Repeat the lines from the line with "Merax Modern Farmhouse" to the line with "Convite Casamento Islâmico" in the listing below, keeping both end lines and adding nothing.

Start of DATA PROVIDED

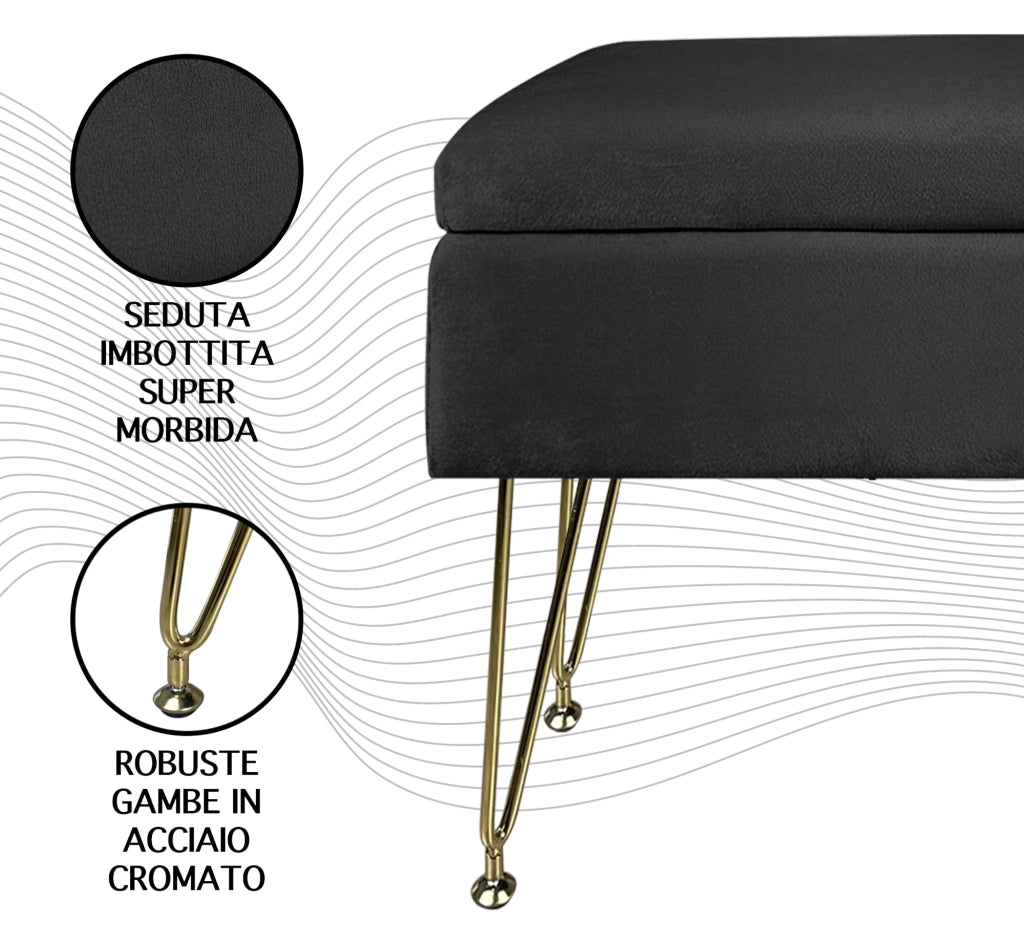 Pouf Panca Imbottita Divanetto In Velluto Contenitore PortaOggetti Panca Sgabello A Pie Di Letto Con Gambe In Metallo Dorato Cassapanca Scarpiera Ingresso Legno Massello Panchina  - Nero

End of DATA PROVIDED
Start of DATA PROVIDED

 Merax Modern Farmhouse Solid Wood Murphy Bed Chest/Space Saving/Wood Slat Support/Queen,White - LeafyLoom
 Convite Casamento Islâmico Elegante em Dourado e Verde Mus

End of DATA PROVIDED

- _ANSWER BOX_
 Merax Modern Farmhouse Solid Wood Murphy Bed Chest/Space Saving/Wood Slat Support/Queen,White - LeafyLoom
 Convite Casamento Islâmico Elegante em Dourado e Verde Mus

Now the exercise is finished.